Problem statement.
Set down the full listing exactly as given. Any pictures are to be left out.

[[ Provided data open ]]

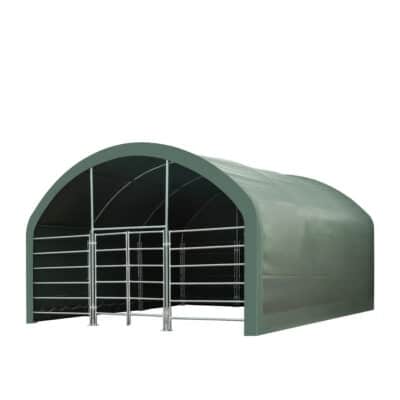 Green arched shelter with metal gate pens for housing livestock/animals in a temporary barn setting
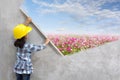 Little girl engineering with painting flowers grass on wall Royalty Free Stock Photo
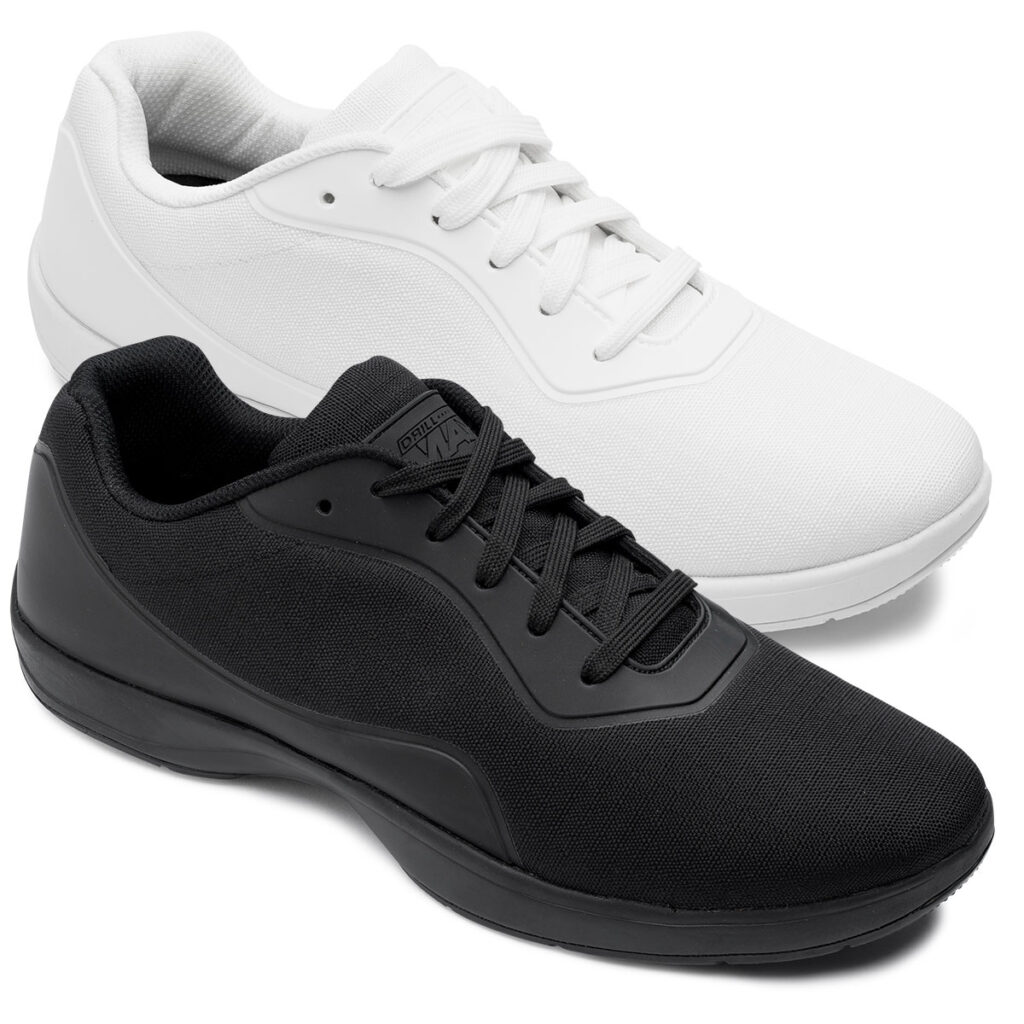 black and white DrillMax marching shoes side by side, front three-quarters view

[[ Provided data closed ]]

Written solution.
 Green arched shelter with metal gate pens for housing livestock/animals in a temporary barn setting
 Little girl engineering with painting flowers grass on wall Royalty Free Stock Photo
 black and white DrillMax marching shoes side by side, front three-quarters view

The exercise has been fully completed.